[Source data]

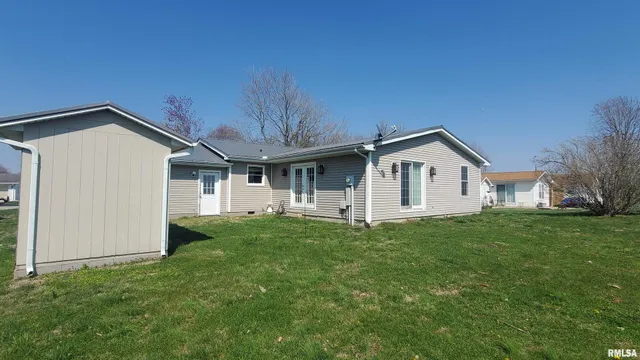 $159,900 | 904 South Sunset Drive, Pinckneyville, IL 62274
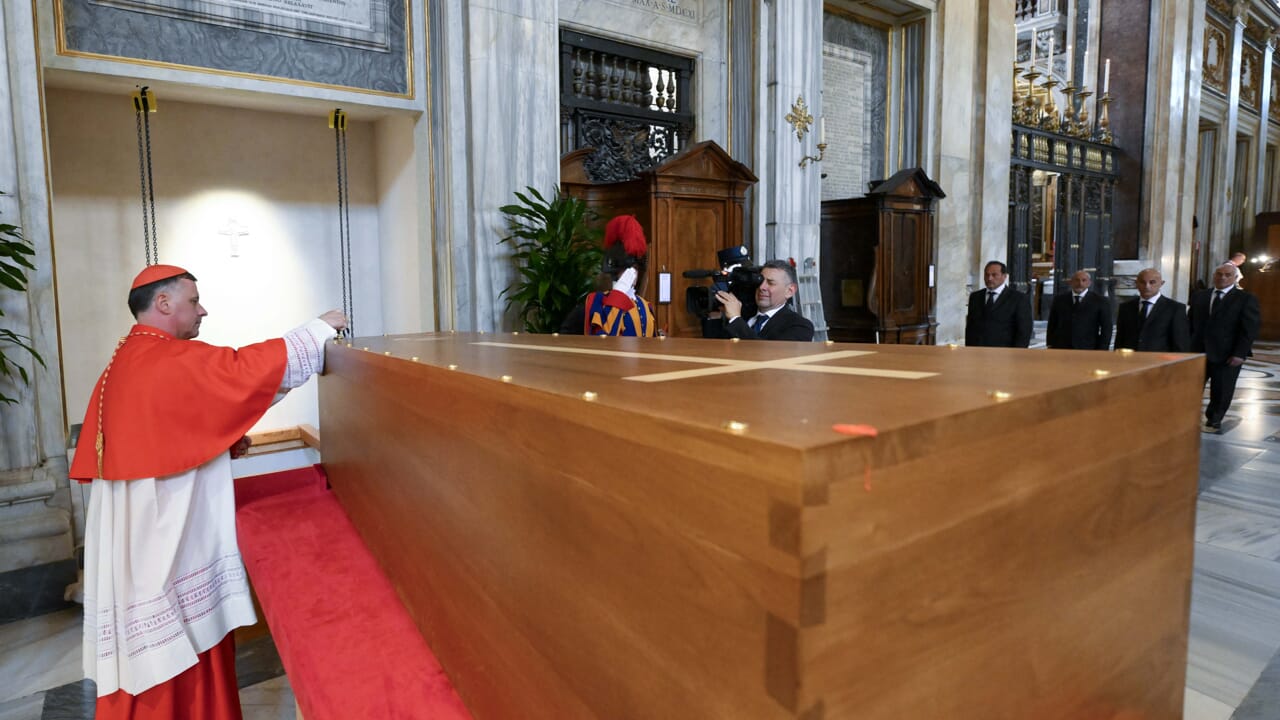 Come raggiungere la tomba di Papa Francesco alla Basilica di Santa Maria Maggiore -- Come raggiungere tomba di papa Francesco a Roma- i mezzi pubblici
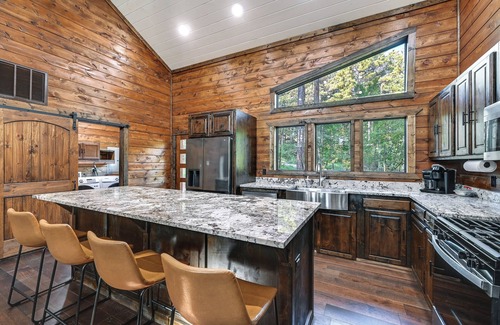 Pickens Cabina | Sleek Cabin w/ Hot Tub: 11 Mi to Broken Bow Lake!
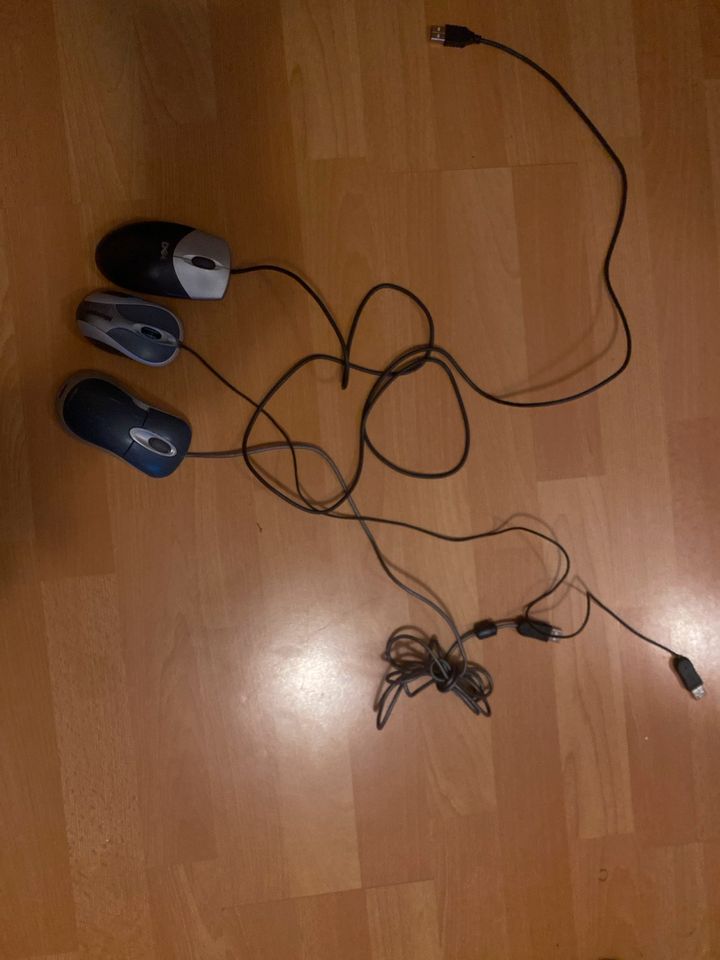 3 Computer Mäuse Von DEL und 2 von MICROSOFT in München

[Work to complete] What is needed is an exact copy of the lines from the line with "Pickens Cabina |" to the end of the data above, both included, without any pictures.

[Task output]
 Pickens Cabina | Sleek Cabin w/ Hot Tub: 11 Mi to Broken Bow Lake!
 3 Computer Mäuse Von DEL und 2 von MICROSOFT in München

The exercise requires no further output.